DESCRIPTION OF THE TASK.
Only the lines below from the one that holds "To mute yourself" through the one that holds "And that's it." should appear in the answer, copied exactly, end lines included and pictures omitted.

MATERIAL SUPPLIED.
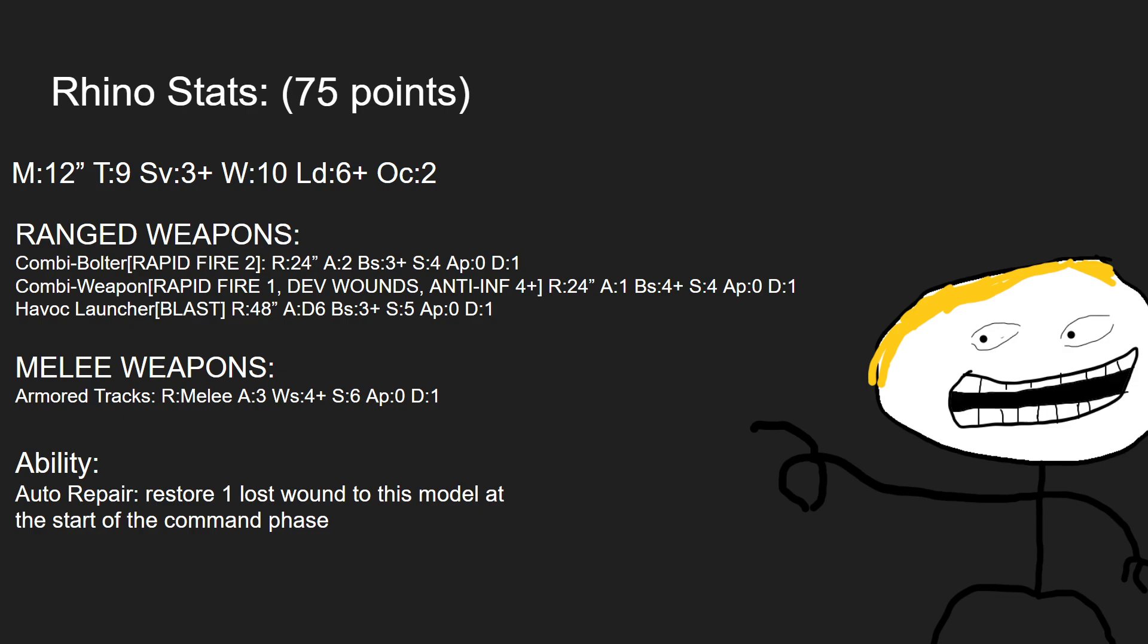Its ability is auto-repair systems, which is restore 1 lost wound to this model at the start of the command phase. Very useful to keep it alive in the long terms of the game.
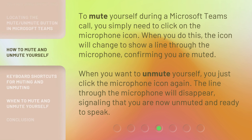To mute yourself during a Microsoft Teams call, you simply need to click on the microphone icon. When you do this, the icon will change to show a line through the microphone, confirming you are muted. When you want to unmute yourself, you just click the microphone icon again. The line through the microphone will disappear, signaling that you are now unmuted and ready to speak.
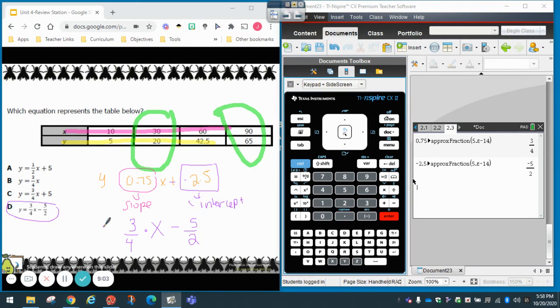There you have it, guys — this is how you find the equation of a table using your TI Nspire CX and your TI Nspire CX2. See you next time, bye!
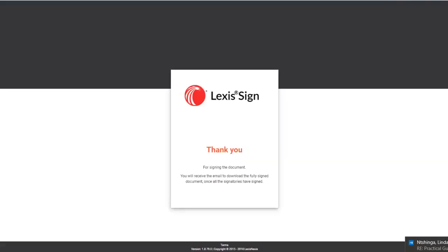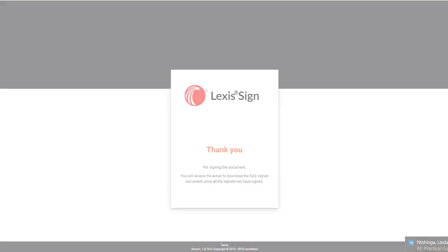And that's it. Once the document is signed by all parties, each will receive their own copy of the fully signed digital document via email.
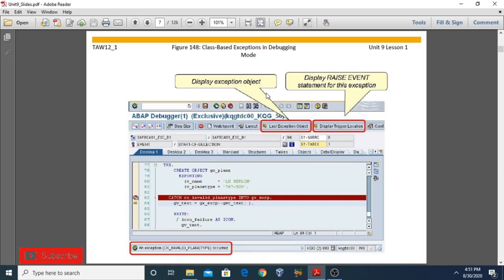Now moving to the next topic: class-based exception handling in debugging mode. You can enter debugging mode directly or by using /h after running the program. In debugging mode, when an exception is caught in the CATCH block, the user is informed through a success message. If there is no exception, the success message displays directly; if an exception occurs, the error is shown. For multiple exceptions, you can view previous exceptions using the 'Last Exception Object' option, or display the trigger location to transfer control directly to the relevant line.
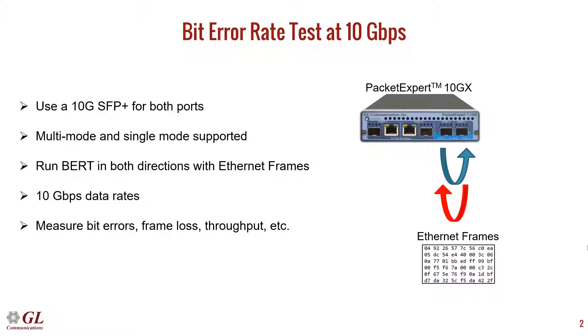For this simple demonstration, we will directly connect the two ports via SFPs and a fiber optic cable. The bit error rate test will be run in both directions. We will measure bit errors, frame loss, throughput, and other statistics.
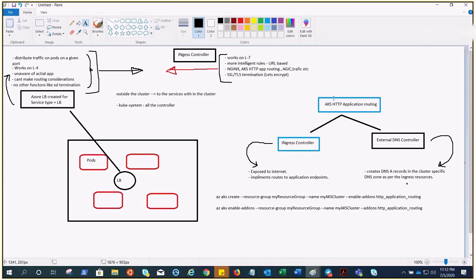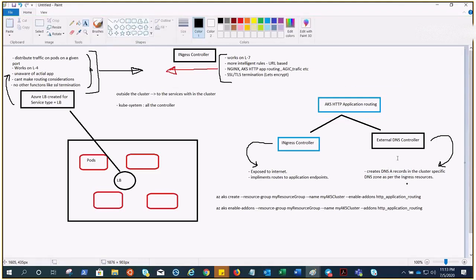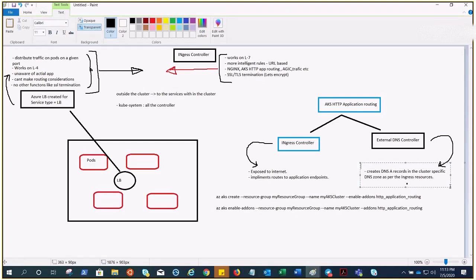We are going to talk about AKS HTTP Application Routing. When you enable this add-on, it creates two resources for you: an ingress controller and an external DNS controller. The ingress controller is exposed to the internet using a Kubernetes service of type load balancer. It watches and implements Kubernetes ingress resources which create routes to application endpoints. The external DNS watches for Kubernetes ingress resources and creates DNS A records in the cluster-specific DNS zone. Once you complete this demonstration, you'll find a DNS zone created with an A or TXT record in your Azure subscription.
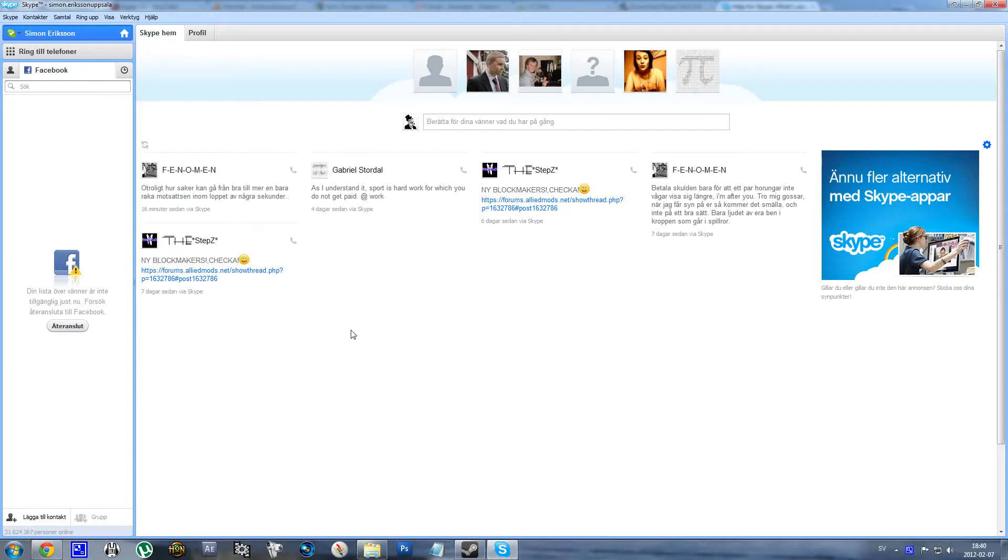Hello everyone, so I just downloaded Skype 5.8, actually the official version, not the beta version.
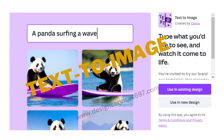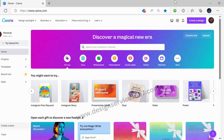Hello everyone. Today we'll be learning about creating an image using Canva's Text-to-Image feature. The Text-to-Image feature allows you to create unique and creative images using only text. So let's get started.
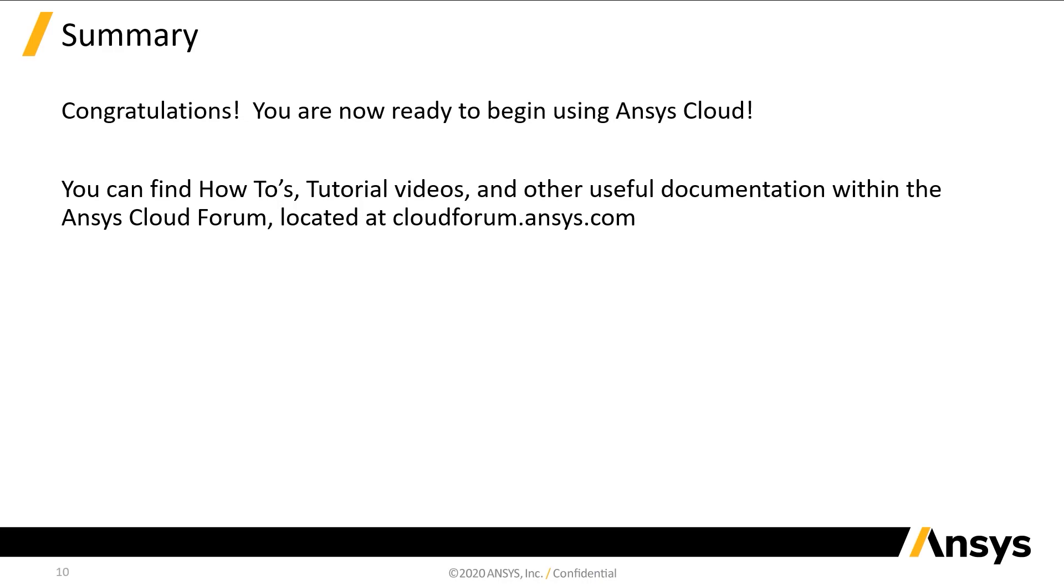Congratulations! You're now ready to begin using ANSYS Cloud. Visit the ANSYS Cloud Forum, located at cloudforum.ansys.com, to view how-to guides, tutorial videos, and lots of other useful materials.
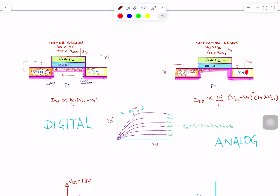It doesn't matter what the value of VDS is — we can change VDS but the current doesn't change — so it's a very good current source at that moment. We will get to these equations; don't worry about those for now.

TASK ANSWER.
To mute yourself during a Microsoft Teams call, you simply need to click on the microphone icon. When you do this, the icon will change to show a line through the microphone, confirming you are muted. When you want to unmute yourself, you just click the microphone icon again. The line through the microphone will disappear, signaling that you are now unmuted and ready to speak.
There you have it, guys — this is how you find the equation of a table using your TI Nspire CX and your TI Nspire CX2. See you next time, bye!
And that's it. Once the document is signed by all parties, each will receive their own copy of the fully signed digital document via email.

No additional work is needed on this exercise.